The Illinois Supreme Court on Sept. 21 unanimously ruled that the Rock Island Clean Line project does not meet the state’s definition of a public utility. The decision upheld an August 2016 appellate court ruling that had reversed an earlier decision by the Illinois Commerce Commission.
The project route was to begin in Iowa’s O’Brien County, enter Illinois between Cordova and Port Byron, continue through Whiteside County, through the entire north edge of Bureau County, and end in Grundy County.
The project isn’t dead, but it would have do be done as a private venture. Without public utility status, Clean Line won’t have the right to acquire property through eminent domain.
The Illinois Landowners Alliance, along with the Illinois Farm Bureau and ComEd, have been fighting the $1.8 billion project in court since plans began 7 years ago.
“We have firmly believed that Rock Island Clean Line does not qualify as a public utility and is absolutely not entitled to use the power of eminent domain,” ILA Executive Director Mary Mauch said in a news release. “Their foray into eminent domain for private gain has served to raise the public consciousness against these kinds of projects and unite communities to create strong opposition to them.”
Curt Jacobs, an ILA board member who farms land near the Whiteside and Henry county line, said the ruling was a victory for all Illinois landowners.
“The courts have affirmed the precise wording of the law, and have relieved a great amount of stress from all the landowners in the scope of this project,” Jacobs said.
Clean Line said the high court based its decision largely on the status of a purchase agreement for a converter station parcel. At the time of the company’s application to the ICC, Clean Line had an option to buy the land instead of a fully exercised purchase agreement.

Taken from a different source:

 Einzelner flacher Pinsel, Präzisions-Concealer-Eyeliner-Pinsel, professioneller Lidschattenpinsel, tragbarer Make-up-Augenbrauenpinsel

Hans Detweiler, vice president of Clean Line Energy Partners, said the company isn’t ready to pull the plug on the project, but having to restart the process will ultimately hurt consumers.

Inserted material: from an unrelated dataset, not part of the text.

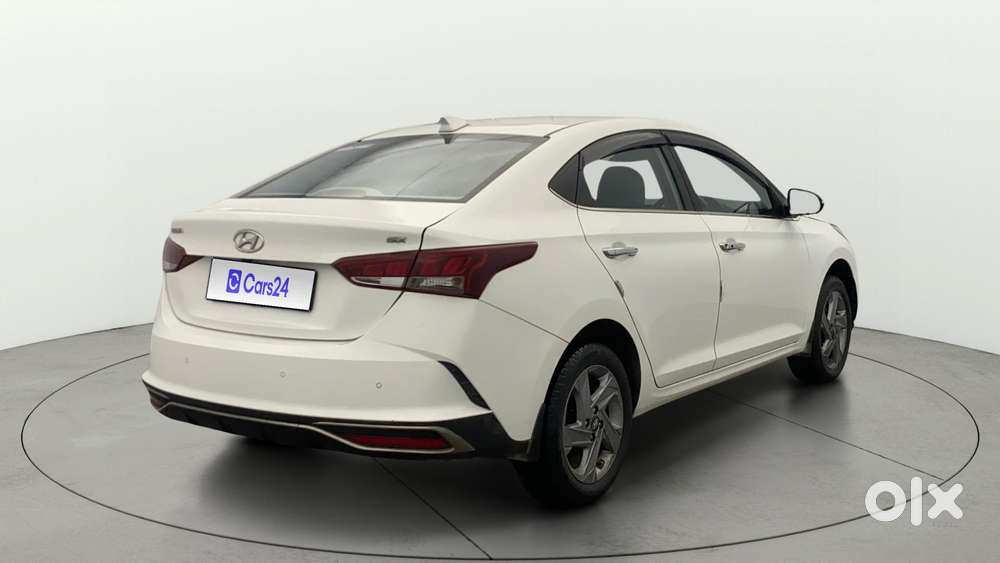Hyundai Verna 1.5 Sx Vtvt, 2022, Petrol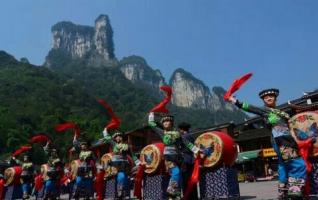 Western Hunan Tour for Having A Special New Year in Dehang Miao Village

“This causes great delay for the project and will directly impact competition in electricity markets, resulting in fewer choices and higher prices for electricity,” Detweiler said in a news release. “It is unfortunate that Illinois now has higher barriers for new market entrants.”
Detweiler said he was encouraged that the court made it clear that they could reapply with the ICC at some point, and the ruling didn’t impact the authority of the regulatory body.
Earlier this year, Iowa effectively shut down the project in that state with legislation that prohibits “merchant transmission lines” from acquiring private property through eminent domain.